Investors in Chipotle Mexican Grill (CMG) voted overwhelmingly on Thursday against the way the fast-food company compensates its senior executives.
During the Mexican food chain’s annual meeting in Denver, a stunning 77 percent of shareholders voted against ratifying the current executive compensation plan that had awarded more than $300 million to its founder Steve Ells and his co-chief, Montgomery F. Moran, in recent years.
The vote against the company-backed “say-on-pay” proposal, while advisory and non-binding, was the most profound shareholder rejection of any measures this year.
Chipotle is taking the rebuke “very seriously,” according to spokesman Chris Arnold.
“It has always been, and continues to be, a top priority that our compensation programs are driving the creation of shareholder value,” he said in a statement.
Big pension funds including Calpers, the NY City pension funds and the Florida State Board of Administration voted against the measure too.
The CtW Investment Group, which advises union-sponsored pension funds, applauded the vote against the famed burrito chain’s generous compensation plan that awarded $58 million to its co-CEOs last year alone.

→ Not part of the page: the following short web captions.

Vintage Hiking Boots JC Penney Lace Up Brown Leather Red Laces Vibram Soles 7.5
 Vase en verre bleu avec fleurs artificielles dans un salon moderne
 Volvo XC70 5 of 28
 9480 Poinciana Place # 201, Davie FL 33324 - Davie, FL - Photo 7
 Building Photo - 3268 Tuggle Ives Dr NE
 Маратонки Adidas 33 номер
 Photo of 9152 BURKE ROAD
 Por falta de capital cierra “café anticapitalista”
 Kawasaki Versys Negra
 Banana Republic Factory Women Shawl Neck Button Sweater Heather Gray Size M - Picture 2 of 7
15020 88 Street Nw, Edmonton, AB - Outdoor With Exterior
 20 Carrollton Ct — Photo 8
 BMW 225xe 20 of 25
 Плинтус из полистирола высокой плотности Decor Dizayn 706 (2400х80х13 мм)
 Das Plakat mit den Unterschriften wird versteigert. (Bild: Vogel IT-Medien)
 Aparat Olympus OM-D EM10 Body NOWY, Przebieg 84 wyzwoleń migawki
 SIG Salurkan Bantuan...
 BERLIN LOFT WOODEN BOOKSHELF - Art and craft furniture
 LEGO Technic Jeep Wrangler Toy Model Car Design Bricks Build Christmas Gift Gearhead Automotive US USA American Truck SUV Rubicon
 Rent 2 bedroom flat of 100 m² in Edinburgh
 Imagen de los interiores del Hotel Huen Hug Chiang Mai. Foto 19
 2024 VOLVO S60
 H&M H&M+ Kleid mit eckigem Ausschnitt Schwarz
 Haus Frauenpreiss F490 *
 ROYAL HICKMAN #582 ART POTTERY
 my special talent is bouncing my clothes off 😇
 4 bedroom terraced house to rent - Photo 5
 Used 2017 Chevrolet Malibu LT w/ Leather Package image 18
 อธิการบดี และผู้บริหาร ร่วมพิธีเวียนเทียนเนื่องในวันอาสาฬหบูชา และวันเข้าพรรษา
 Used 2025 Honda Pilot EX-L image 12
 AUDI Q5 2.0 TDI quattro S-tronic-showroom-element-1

“With this overwhelming rejection of the pay plan by the Company’s owners, we expect our board to get to work reining in runaway executive pay at Chipotle,” Dieter Waizenegger, director of CtW Investment Group was quoted as saying by AFP, adding that “Chipotle’s unbalanced approach to human capital management poses unacceptable risks to shareholders.”
The Chipotle shareholder vote came as fast-food workers in Miami, New York and other cities have joined a national and world-wide walk out as they push for higher wages.
Shares in the $15.40 billion market cap company fell $8.40, or 1.67%, on Thursday to close at $495.92. They’re now up 34% on a y/y basis and off about 20% from their March $622.90 all-time high.